The project referenced in this blog post, along with the source data files is available here.

Reference data can be integrated into StreamInsight in a couple of different ways, each with their own pros and cons:

Technique Pros Cons
  • User-defined lookup function
  • Relatively simple to implement
  • Not suitable for large dynamic data sets or data that changes over time
  • Cumbersome to import more than one data element
  • Cannot take advantage of or incorporate stream data
  • Reference data stream
  • Seamless integration with StreamInsight query experience
  • Very performant and flexible
  • Additional work required to import and maintain the stream

Let’s look at an example of each technique, step by step. 

The Scenario

For this illustration, let’s consider the following scenario:

  • Stream of data events, each containing a user ID, an activity code and a status (user 7, logged in, success).
  • Set of user metadata, contained in a file (for the purposes of illustration – a database would be a more likely source).  This metadata contains information such as user ID, user name, etc.
  • Want to annotate the data events with the user metadata.

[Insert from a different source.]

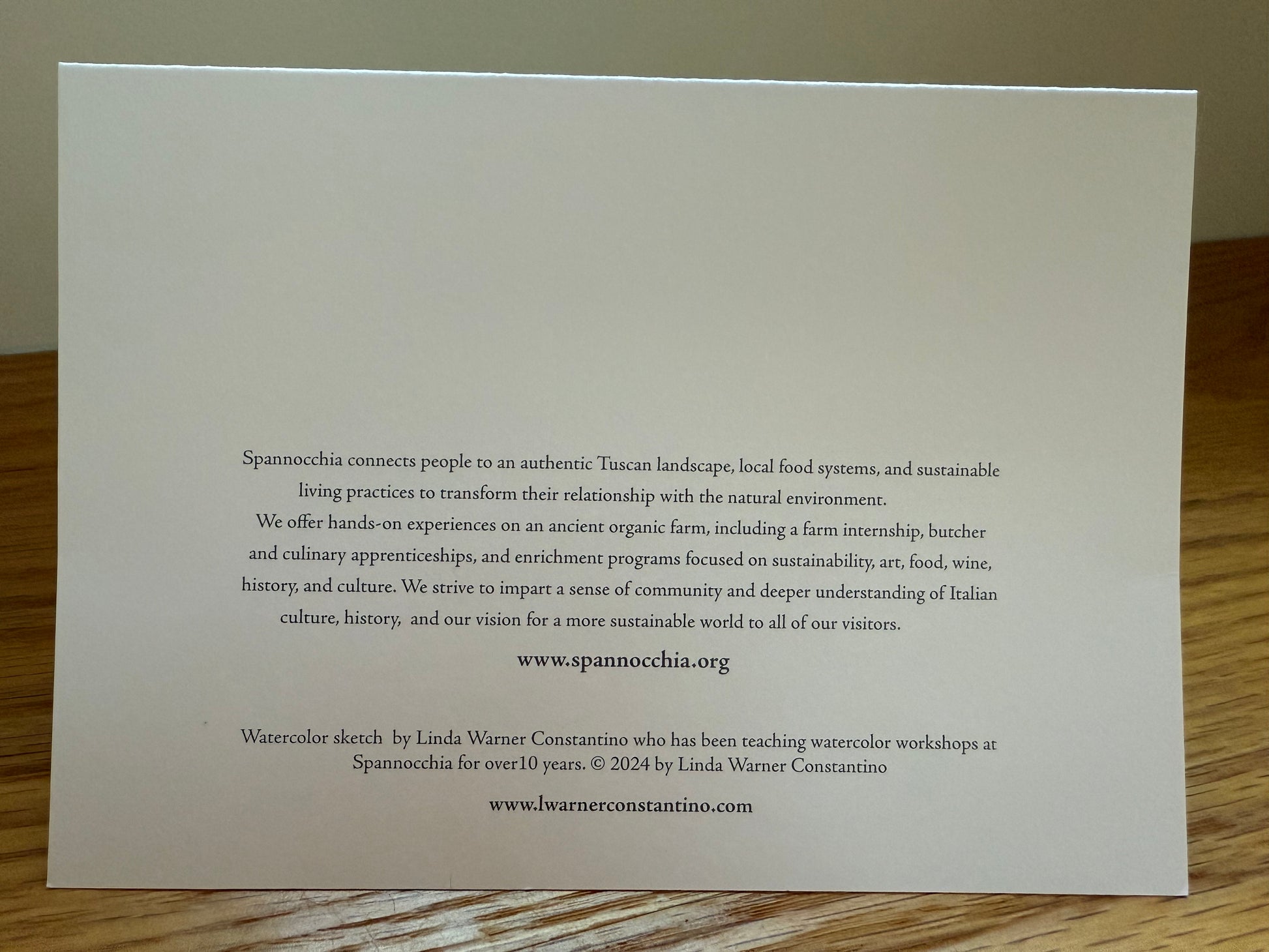 Back of notecard, with short blurb about Spannocchia and Linda Warner Constantino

We’ll use the following data sets:

Data Events

Start Time End Time User Id Activity Code Status

6/25/2009 0:00:00

  1 Logon Success

6/25/2009 0:00:01

  2 Logon Fail

6/25/2009 0:00:05

  1 Browse Success

6/25/2009 0:00:06

  2 Logon Success

Or, in the .csv format that we’ll use:

StartTime,EndTime,UserId,ActivityCode,Status
6/25/2009 0:00:00,,1,Logon,Success
6/25/2009 0:00:01,,2,Logon,Fail
6/25/2009 0:00:05,,1,Browse,Success
6/25/2009 0:00:06,,2,Logon,Success

Reference Events

Start Time End Time User Id User Name Location

6/25/2009 0:00:00

  1 Fred Jones Seattle

6/25/2009 0:00:01

  2 Bob Murphy Portland

Or, in the .csv format that we’ll use:

StartTime,EndTime,UserId,UserName,Location
6/24/2009 0:00:00,,1,Fred Jones,Seattle
6/24/2009 0:00:01,,2,Bob Murphy,Portland

User-Defined Lookup Function

With a user defined lookup function, we need to load the list of metadata into an associative array (i.e. a hashtable), and create a lookup function that allows us to grab user metadata from the dictionary on demand.

Note: Why did I use the hard coded dictionary rather than reading from a file?  I wanted to illustrate the technique of a truly static data source.  If you want to see the code that parses a .csv file into a dictionary object suitable for using in a lookup function, this is covered in the appendix section of the blog).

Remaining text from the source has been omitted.